KUALA LUMPUR: The Microsoft IT outage today, which has caused a major catastrophe to businesses worldwide, especially to airlines and banks, is not a cyberattack.
The outage has caused millions of Windows users worldwide to experience the Blue Screen of Death (BSOD) error, resulting in sudden shutdowns or restarts, bringing down services rendered to customers.
While almost all fingers are pointing to Microsoft for this outage and havoc, the Windows maker however, in a statement, said it has traced the root of this issue to a recent update from CrowdStrike.
CrowdStrike is a cybersecurity software firm that provides advanced protection to users and businesses, including Microsoft.
Its chief executive officer, George Kurtz, on X, confirmed the issue was caused by a botched update, but said it is not a cyberattack.
"CrowdStrike is actively working with customers impacted by a defect found in a single content update for Windows hosts," he said.
However, Mac and Linux hosts are not impacted.
The company said its 'Falcon Sensor' software update is causing Windows to crash and display the BSOD, hence causing major disruptions of Microsoft software users especially Microsoft 365 and Azure.
While both Microsoft and Crowdstrike said they are mitigating the problems, Malaysian authorities are monitoring the situation closely.
Microsoft has provided a link for customers to refer to for doing the recovery process and backup.
Malaysia is also affected by this outage, as passengers at Kuala Lumpur International Airport Terminal 2 (KLIA2) have been forced to check-in for their flights manually following the outage.
Digital Minister Gobind Singh Deo, in his X posting, said the authorities are closely monitoring the global IT outage that happened today.
Meanwhile, Kaspersky head of Threat Research, Alexander Liskin, citing media reports, said
the number of affected companies, and the devices they use, may exceed hundreds and thousands.
"At this stage, it is difficult to estimate how long it will take to fix the issue, since the difficulty lies in the fact that when such a problem occurs, each device (computer, laptop or server) must be rebooted into safe mode manually," he said.
"This cannot be done using management tools.
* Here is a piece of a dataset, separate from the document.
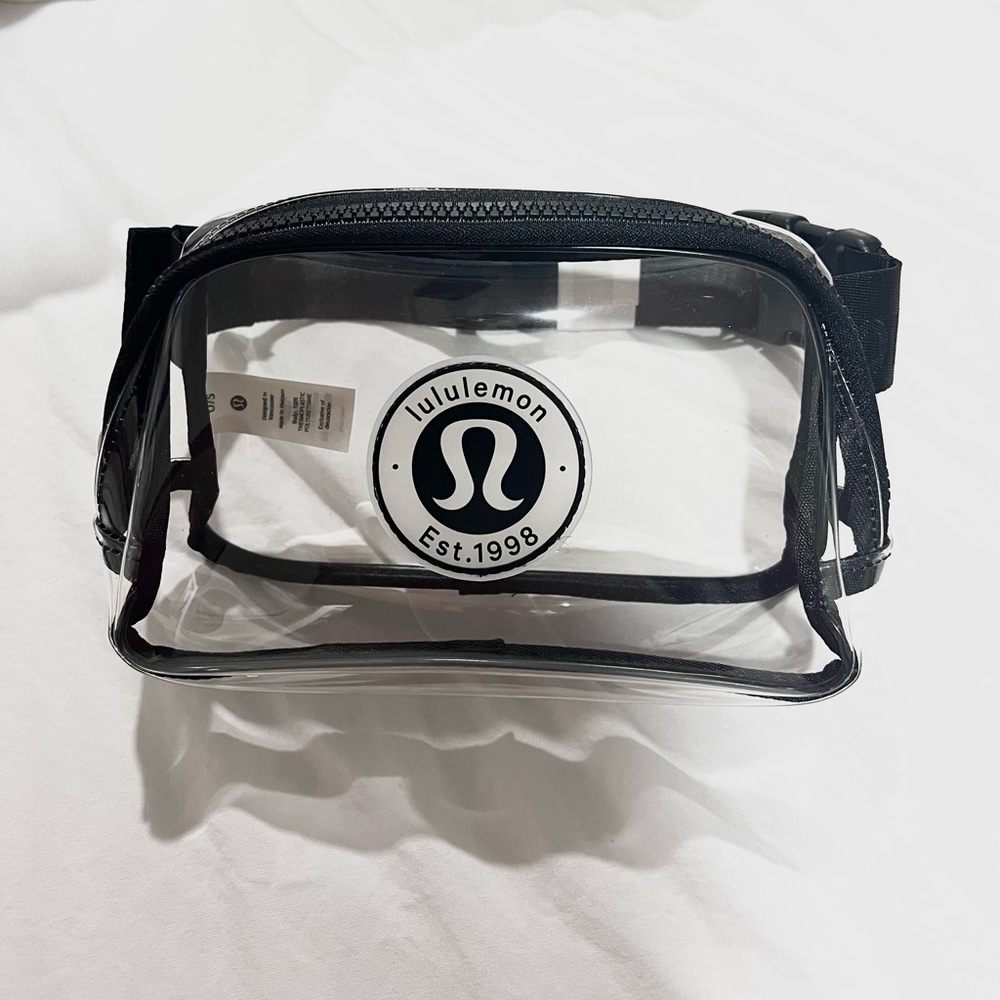 NWOT Clear Lululemon Belt Bag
This is indeed a very serious problem that has affected numerous processes, including those in critical infrastructure," he added.
Meanwhile, LGMS Bhd executive chairman, CF Fong, advised companies not to put "all eggs in one basket" and diversify their protective solutions.
"Perform proactive business continuity exercises like cyber drills, simulate system under attacks and outages. Also, always be prepared, disasters whether intentional or unintentional can be destructive to businesses," he said.